** Opening Stored data block **

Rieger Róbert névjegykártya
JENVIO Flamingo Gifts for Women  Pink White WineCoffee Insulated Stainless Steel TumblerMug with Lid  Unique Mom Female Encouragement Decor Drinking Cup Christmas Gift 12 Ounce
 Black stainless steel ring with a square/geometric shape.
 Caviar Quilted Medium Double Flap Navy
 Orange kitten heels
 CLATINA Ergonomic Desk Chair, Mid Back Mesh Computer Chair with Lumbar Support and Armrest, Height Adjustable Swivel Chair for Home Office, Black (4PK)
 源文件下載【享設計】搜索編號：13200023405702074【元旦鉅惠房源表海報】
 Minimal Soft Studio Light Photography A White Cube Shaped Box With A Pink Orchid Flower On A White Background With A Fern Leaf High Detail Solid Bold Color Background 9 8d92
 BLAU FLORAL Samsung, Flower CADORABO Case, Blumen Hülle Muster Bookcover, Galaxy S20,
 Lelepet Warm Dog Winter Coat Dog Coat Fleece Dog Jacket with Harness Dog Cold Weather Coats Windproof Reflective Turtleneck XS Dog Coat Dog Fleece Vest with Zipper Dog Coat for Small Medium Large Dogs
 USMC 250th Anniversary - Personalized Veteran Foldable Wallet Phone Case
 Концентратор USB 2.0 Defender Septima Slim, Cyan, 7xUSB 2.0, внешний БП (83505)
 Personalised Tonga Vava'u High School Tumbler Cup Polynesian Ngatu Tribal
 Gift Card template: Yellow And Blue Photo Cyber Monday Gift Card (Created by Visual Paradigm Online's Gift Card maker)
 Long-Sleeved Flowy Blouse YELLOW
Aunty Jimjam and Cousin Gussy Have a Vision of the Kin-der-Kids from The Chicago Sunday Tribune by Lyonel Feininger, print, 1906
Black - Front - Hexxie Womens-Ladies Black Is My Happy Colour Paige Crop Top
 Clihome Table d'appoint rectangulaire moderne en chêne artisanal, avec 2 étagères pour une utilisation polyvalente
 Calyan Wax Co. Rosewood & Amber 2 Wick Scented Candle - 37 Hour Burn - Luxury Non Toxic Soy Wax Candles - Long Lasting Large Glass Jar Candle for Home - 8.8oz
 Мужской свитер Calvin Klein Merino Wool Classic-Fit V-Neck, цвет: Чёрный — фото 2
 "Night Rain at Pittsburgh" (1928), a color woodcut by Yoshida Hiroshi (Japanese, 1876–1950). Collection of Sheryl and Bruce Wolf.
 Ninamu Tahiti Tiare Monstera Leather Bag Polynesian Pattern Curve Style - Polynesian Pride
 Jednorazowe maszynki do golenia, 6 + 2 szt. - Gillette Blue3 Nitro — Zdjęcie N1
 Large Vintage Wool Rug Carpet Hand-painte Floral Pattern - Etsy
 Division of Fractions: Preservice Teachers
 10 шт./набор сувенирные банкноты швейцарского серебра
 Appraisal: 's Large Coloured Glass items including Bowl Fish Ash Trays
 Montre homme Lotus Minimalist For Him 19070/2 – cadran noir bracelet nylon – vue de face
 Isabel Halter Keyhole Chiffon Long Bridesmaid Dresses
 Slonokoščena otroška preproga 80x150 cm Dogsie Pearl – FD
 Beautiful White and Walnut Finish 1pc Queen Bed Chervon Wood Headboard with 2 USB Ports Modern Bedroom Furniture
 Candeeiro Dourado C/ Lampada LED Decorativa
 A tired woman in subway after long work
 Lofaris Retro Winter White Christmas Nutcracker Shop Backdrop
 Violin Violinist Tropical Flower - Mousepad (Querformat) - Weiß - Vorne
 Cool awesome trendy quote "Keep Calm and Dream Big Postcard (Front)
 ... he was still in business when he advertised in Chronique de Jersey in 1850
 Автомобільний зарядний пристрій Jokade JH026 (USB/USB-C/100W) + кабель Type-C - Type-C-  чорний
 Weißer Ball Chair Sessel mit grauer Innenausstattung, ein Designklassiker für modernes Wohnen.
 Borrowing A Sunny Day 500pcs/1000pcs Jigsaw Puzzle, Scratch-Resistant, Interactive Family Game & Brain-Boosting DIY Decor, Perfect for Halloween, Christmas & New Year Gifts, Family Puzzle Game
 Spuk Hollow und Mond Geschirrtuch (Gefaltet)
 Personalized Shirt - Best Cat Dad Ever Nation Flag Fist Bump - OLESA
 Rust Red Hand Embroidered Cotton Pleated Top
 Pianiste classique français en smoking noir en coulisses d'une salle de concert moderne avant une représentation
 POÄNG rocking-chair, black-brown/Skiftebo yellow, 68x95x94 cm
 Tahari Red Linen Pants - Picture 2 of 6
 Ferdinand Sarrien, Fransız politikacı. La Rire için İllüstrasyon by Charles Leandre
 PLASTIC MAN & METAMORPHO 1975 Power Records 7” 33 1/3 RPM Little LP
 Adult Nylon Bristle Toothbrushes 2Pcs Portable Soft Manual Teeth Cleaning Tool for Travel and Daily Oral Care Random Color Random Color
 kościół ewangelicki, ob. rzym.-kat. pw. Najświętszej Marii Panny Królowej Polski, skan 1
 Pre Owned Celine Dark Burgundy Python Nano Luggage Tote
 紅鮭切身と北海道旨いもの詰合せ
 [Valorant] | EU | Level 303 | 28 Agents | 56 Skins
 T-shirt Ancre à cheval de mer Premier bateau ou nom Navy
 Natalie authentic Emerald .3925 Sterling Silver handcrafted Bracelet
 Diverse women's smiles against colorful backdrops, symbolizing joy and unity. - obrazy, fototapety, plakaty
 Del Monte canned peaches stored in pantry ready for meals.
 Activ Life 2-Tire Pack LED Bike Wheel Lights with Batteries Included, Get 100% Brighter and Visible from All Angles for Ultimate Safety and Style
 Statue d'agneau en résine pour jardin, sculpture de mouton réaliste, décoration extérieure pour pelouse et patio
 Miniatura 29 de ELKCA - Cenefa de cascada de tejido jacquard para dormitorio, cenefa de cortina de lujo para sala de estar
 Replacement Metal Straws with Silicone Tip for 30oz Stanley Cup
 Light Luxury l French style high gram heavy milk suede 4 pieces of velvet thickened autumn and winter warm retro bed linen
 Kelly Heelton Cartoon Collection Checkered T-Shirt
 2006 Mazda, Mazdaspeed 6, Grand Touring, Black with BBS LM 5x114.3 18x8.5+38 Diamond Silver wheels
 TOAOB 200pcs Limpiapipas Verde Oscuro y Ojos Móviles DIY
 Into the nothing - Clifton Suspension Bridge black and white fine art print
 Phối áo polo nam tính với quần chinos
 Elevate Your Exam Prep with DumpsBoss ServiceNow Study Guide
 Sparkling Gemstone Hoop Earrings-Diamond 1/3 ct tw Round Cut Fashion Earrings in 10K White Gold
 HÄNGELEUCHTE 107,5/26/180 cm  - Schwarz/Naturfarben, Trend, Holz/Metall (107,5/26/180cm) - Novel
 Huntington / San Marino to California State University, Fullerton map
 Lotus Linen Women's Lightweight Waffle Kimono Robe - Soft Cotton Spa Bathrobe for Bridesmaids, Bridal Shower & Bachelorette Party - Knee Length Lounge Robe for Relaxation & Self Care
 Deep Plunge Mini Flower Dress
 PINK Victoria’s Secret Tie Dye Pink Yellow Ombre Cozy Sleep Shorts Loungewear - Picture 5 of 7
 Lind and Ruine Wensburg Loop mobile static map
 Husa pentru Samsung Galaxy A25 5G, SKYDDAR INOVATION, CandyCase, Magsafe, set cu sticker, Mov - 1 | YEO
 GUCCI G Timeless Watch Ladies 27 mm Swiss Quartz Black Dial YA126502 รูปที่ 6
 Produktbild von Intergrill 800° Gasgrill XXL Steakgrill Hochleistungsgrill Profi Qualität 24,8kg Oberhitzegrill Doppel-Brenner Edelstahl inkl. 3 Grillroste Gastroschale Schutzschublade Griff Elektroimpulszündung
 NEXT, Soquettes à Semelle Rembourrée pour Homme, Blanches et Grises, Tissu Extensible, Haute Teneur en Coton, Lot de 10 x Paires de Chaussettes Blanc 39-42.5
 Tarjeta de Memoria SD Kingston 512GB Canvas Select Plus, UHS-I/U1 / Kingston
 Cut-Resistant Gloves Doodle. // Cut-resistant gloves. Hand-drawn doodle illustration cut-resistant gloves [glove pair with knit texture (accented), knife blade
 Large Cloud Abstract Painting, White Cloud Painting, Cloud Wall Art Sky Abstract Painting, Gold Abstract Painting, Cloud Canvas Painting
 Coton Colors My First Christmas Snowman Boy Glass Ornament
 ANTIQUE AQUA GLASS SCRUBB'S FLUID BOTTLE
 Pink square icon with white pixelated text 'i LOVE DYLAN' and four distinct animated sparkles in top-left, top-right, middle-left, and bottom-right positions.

** Closing Stored data block **

Work order — Please transcribe exactly the line containing "Deep Plunge Mini Flower Dress" and every line after it through the end of the records, and nothing else.

Response to this task —
 Deep Plunge Mini Flower Dress
 PINK Victoria’s Secret Tie Dye Pink Yellow Ombre Cozy Sleep Shorts Loungewear - Picture 5 of 7
 Lind and Ruine Wensburg Loop mobile static map
 Husa pentru Samsung Galaxy A25 5G, SKYDDAR INOVATION, CandyCase, Magsafe, set cu sticker, Mov - 1 | YEO
 GUCCI G Timeless Watch Ladies 27 mm Swiss Quartz Black Dial YA126502 รูปที่ 6
 Produktbild von Intergrill 800° Gasgrill XXL Steakgrill Hochleistungsgrill Profi Qualität 24,8kg Oberhitzegrill Doppel-Brenner Edelstahl inkl. 3 Grillroste Gastroschale Schutzschublade Griff Elektroimpulszündung
 NEXT, Soquettes à Semelle Rembourrée pour Homme, Blanches et Grises, Tissu Extensible, Haute Teneur en Coton, Lot de 10 x Paires de Chaussettes Blanc 39-42.5
 Tarjeta de Memoria SD Kingston 512GB Canvas Select Plus, UHS-I/U1 / Kingston
 Cut-Resistant Gloves Doodle. // Cut-resistant gloves. Hand-drawn doodle illustration cut-resistant gloves [glove pair with knit texture (accented), knife blade
 Large Cloud Abstract Painting, White Cloud Painting, Cloud Wall Art Sky Abstract Painting, Gold Abstract Painting, Cloud Canvas Painting
 Coton Colors My First Christmas Snowman Boy Glass Ornament
 ANTIQUE AQUA GLASS SCRUBB'S FLUID BOTTLE
 Pink square icon with white pixelated text 'i LOVE DYLAN' and four distinct animated sparkles in top-left, top-right, middle-left, and bottom-right positions.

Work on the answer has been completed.